AIM OF THE EXERCISE ->
Restate the listing below word for word; no pictures belong in the copy.

DATASET CONTENT ->
------------------------

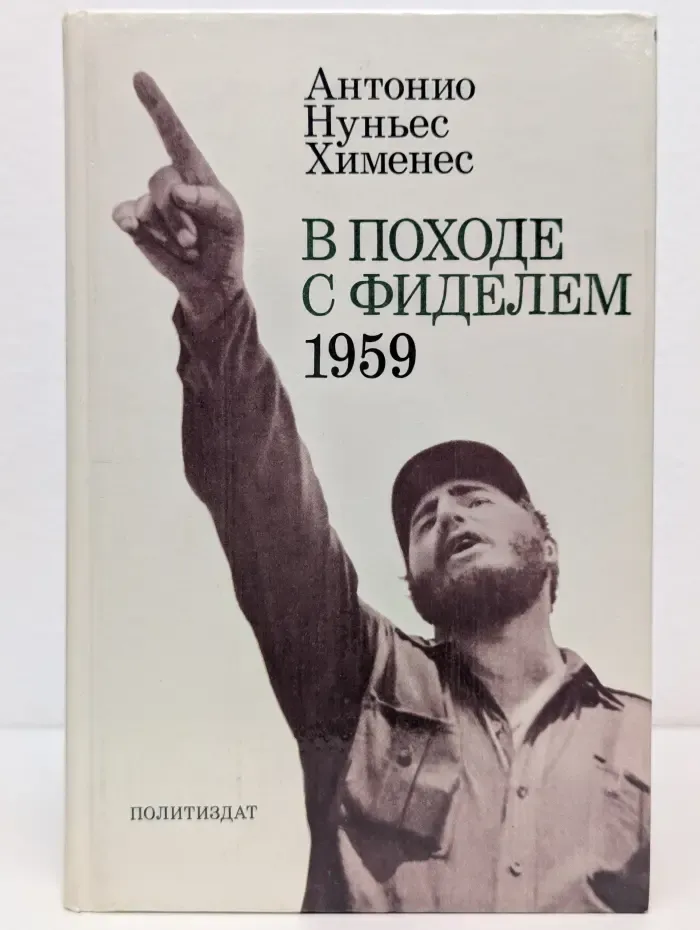 В походе с Фиделем. 1959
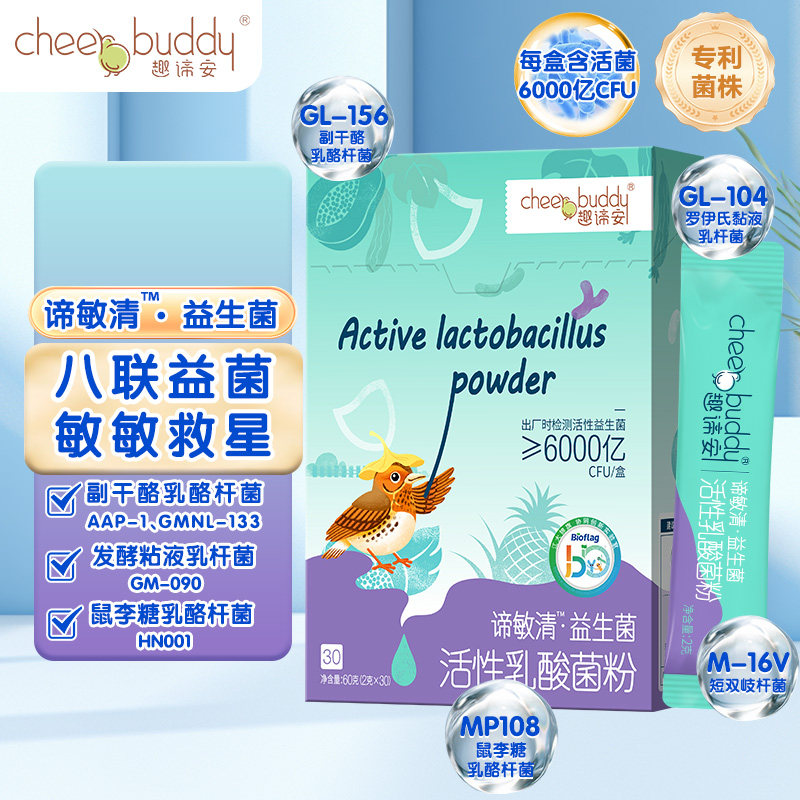 趣谛安谛敏清八联益生菌儿童m16v舒敏益生菌专利菌株罗伊氏乳杆菌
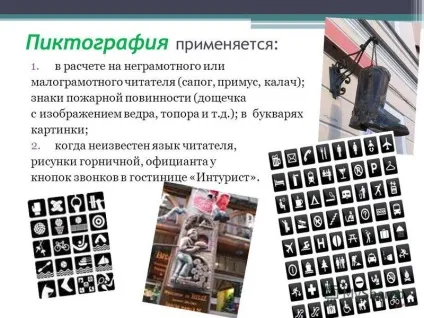 Презентація на тему лист як знакова система лекція 4 (графічний знак позначає) Презентація на тему лист як знакова система лекція 4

------------------------

ANSWER SECTION ->
 В походе с Фиделем. 1959
 趣谛安谛敏清八联益生菌儿童m16v舒敏益生菌专利菌株罗伊氏乳杆菌
 Презентація на тему лист як знакова система лекція 4 (графічний знак позначає) Презентація на тему лист як знакова система лекція 4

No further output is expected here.